Anybody happened to have tested this niche use case yet?  I've got a Game Boy player along with a Platinum Gamecube coming in the mail, so if not I'll be sure to update with results.


----------



## cracker (Dec 18, 2018)

There shouldn't be a problem since it is basically GBA guts in an adapter. M3 and EZ Flash 3 works in them.


----------



## Localhorst86 (Dec 18, 2018)

https://krikzz.com/store/home/42-everdrive-gba-x5.html



> Supported with GameCube player, some revisions of Super Retro Advance adapter and other GBA accessories



Conclusion: yes.


----------



## Xzi (Dec 18, 2018)

Localhorst86 said:


> https://krikzz.com/store/home/42-everdrive-gba-x5.html
> 
> Conclusion: yes.


Thanks, probably should've been the first place I looked.  Good to know I'll be able to play all the good stuff without buying individual carts, though used GBA games are so cheap I'll probably buy some of the best ones for the purposes of collection anyway.


----------



## Friendsxix (Dec 18, 2018)

Throwing my 2¢ in, I've had success with my Game Boy Player and an EZ-Flash IV (miniSD model). With the component cables and Game Boy Interface, it really is a great way to play GBA games.


----------



## Localhorst86 (Dec 18, 2018)

Friendsxix said:


> Throwing my 2¢ in, I've had success with my Game Boy Player and an EZ-Flash IV (miniSD model). With the component cables and Game Boy Interface, it really is a great way to play GBA games.

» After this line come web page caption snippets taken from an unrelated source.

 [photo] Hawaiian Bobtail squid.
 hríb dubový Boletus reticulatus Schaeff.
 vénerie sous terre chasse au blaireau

So presumably an EZFlash Omega might also work.

Neat. I do have a gamecube at home but I don't know if it works or not. I don't have any cables, games or controllers for it


----------



## Friendsxix (Dec 18, 2018)

Localhorst86 said:


> So presumably an EZFlash Omega might also work.
> 
> Neat. I do have a gamecube at home but I don't know if it works or not. I don't have any cables, games or controllers for it


I'm pretty sure the EZ-Flash Omega would work, too. 

Your GameCube probably works. Barring anything like water damage, GameCubes are pretty hearty systems. 
If any part of it is to give you trouble, it's probably the disc drive — which is unfortunate, as all drive replacements are strangely out of production last I checked... 
Might be worth finding a friend who can lend you GameCube hookups just to make sure the drive functions before you sink any money into it... (If you're interested, that is.)

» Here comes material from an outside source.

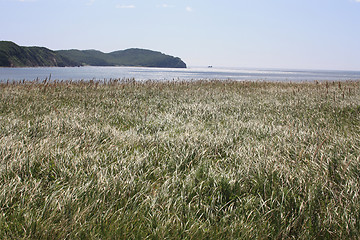 Image showing Waves of an grass are similar to sea waves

If you do want to use a GameCube for GBA games, there's a super awesome controller that was made by Hori just for this purpose:


Spoiler









They do fetch quite a high price, though. You might be better off finding a SNES-to-GameCube adapter and going that route. 

I do know there are also HDMI mods you can get done to GameCubes these days, which would probably produce an even better picture than the expensive component cables. Might be something worth looking into. 

(Sorry if this information is redundant!)


----------



## Localhorst86 (Dec 18, 2018)

Friendsxix said:


> I'm pretty sure the EZ-Flash Omega would work, too.
> 
> Your GameCube probably works. Barring anything like water damage, GameCubes are pretty hearty systems.
> If any part of it is to give you trouble, it's probably the disc drive — which is unfortunate, as all drive replacements are strangely out of production last I checked...
> ...


Looks like I am hijacking @Xzi's thread here. 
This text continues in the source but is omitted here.